Statistics rules: pvalue in [0, 1], padj in [0, 1], log2FC in [-50, 50].

Metrics rules: base_mean greater than or equal to zero.

Completeness rules: condition present, accession present.

In our run, two records were quarantined. One had the gene_id INVALID_ID_001 which failed the Ensembl format check. One had an empty gene_name field. Both are real data quality issues that occur in public GEO submissions.

INVALID_ID_001  |  gene_id 'INVALID_ID_001' does not match ENSG + 11 digits pattern
ENSG00000099999 |  gene_name is null or empty

Without the validation engine, both records would have silently entered the downstream analysis. The first would have caused join failures on any operation that assumed Ensembl IDs. The second would have produced unlabelled data points on the volcano plot.

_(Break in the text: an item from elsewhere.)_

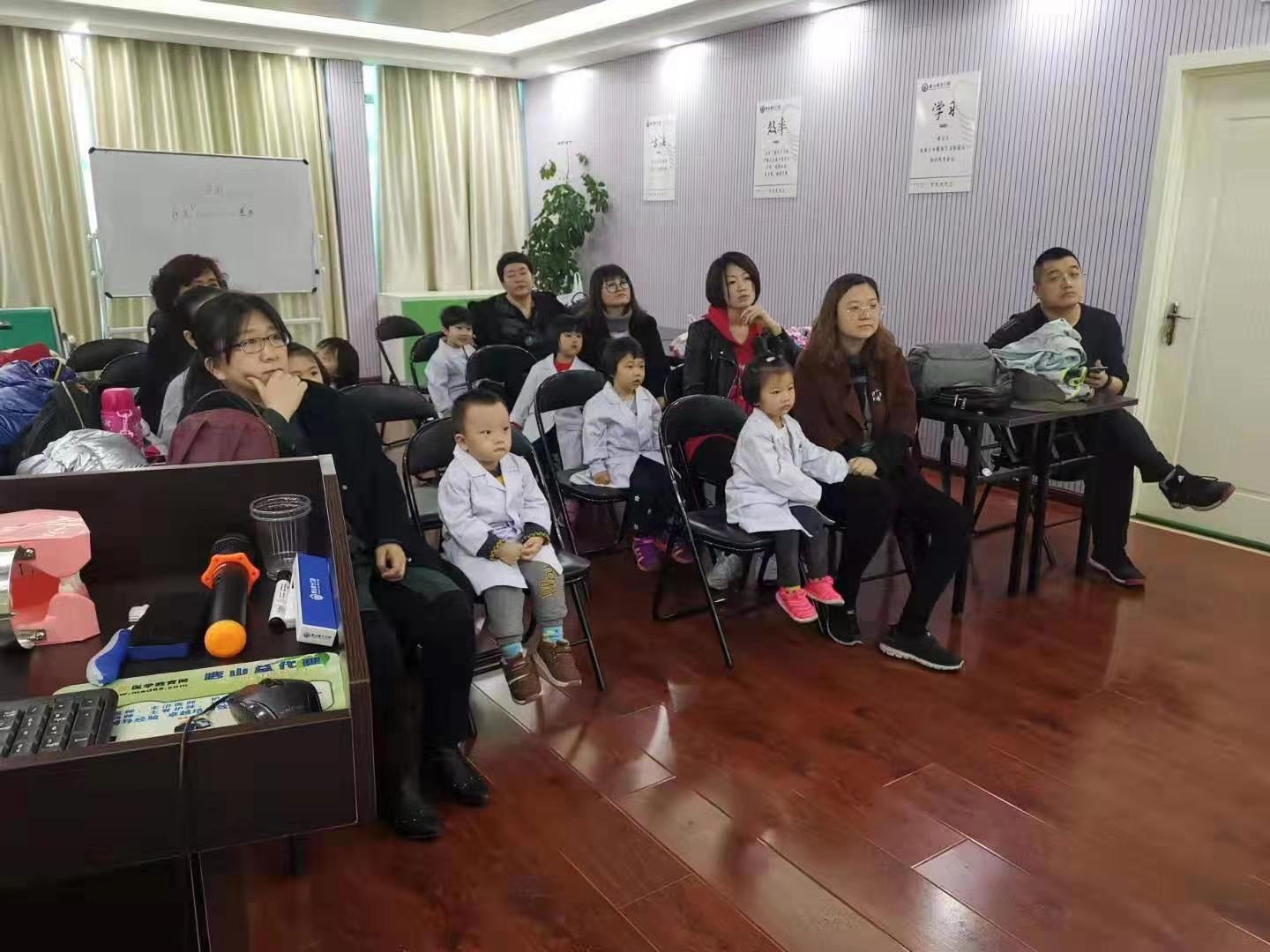 NYC紐約國際唐山早教中心：“小小牙醫(yī)”親子活動回顧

The Two-Threshold Significance Criterion

This is one of the most important design decisions in the processor, and it reflects real RNA-Seq analysis practice.

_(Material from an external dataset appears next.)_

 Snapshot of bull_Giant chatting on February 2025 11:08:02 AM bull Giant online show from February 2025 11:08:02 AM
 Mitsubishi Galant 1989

A gene is considered differentially expressed if and only if two conditions are both true simultaneously:

The adjusted p-value is below 0.05 (standard FDR threshold)
The absolute log2 fold change is greater than 1.0 (corresponding to a two-fold change)

Why both? Because each threshold alone is insufficient.

Statistical significance alone (padj < 0.05) will flag genes whose expression difference is real but biologically trivial. A gene that changes by 3% across all samples with extremely low variance will be statistically significant. Nobody cares about a 3% change.

Biological significance alone (|log2FC| > 1.0) will flag genes whose fold change is large but so variable across samples that the estimate is unreliable. A gene that goes from near-zero to slightly-above-zero in three samples will show an enormous fold change with a terrible p-value.

The combination filters to genes with both a meaningful effect size and high statistical confidence. This is why the field converged on both thresholds.

PADJ_THRESHOLD = 0.05
LOG2FC_THRESHOLD = 1.0

significant = (padj < PADJ_THRESHOLD) and (abs(log2fc) > LOG2FC_THRESHOLD)

if significant and log2fc > 0:
    regulation = "upregulated"
elif significant and log2fc < 0:
    regulation = "downregulated"
else:
    regulation = "not_significant"

Note the strict inequality on the padj threshold: padj < 0.05, not padj <= 0.05. A gene with padj exactly equal to 0.05 is not considered significant. This is the correct interpretation of the threshold.

The Volcano Plot Coordinate

The volcano plot is the standard visualisation for RNA-Seq DE results. Understanding how the coordinates are computed is important for building it correctly.

The x-axis is log2 fold change. This is already in the data.

The y-axis is the negative base-10 logarithm of the p-value. This transformation is what gives the volcano its shape. Genes with very small p-values (very significant) get very large negative logarithms, which means they plot at the top of the chart. Genes with large p-values plot near the bottom.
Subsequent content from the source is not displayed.